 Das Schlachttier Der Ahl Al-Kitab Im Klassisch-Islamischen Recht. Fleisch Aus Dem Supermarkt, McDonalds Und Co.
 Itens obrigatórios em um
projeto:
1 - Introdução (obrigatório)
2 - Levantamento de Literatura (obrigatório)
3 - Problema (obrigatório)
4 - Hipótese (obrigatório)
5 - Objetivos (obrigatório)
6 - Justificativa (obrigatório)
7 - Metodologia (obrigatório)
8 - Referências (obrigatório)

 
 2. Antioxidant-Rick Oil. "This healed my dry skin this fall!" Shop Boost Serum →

_ _ _ _ _ _ _

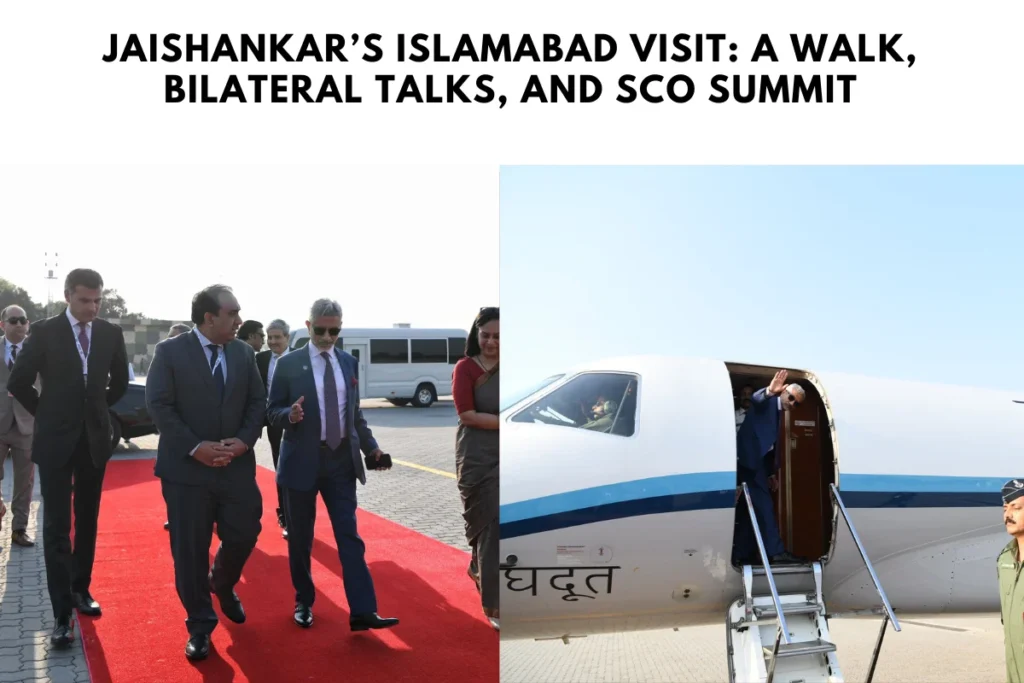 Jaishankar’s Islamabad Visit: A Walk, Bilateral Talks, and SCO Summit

_ _ _ _ _ _ _

- **Exercise directions**
Using the records above, write out exactly the lines between the one holding "5 - Objetivos (obrigatório)" and the one holding "2. Antioxidant-Rick Oil.", inclusive; leave everything else out.

- **Solution to this exercise**
5 - Objetivos (obrigatório)
6 - Justificativa (obrigatório)
7 - Metodologia (obrigatório)
8 - Referências (obrigatório)

 
 2. Antioxidant-Rick Oil. "This healed my dry skin this fall!" Shop Boost Serum →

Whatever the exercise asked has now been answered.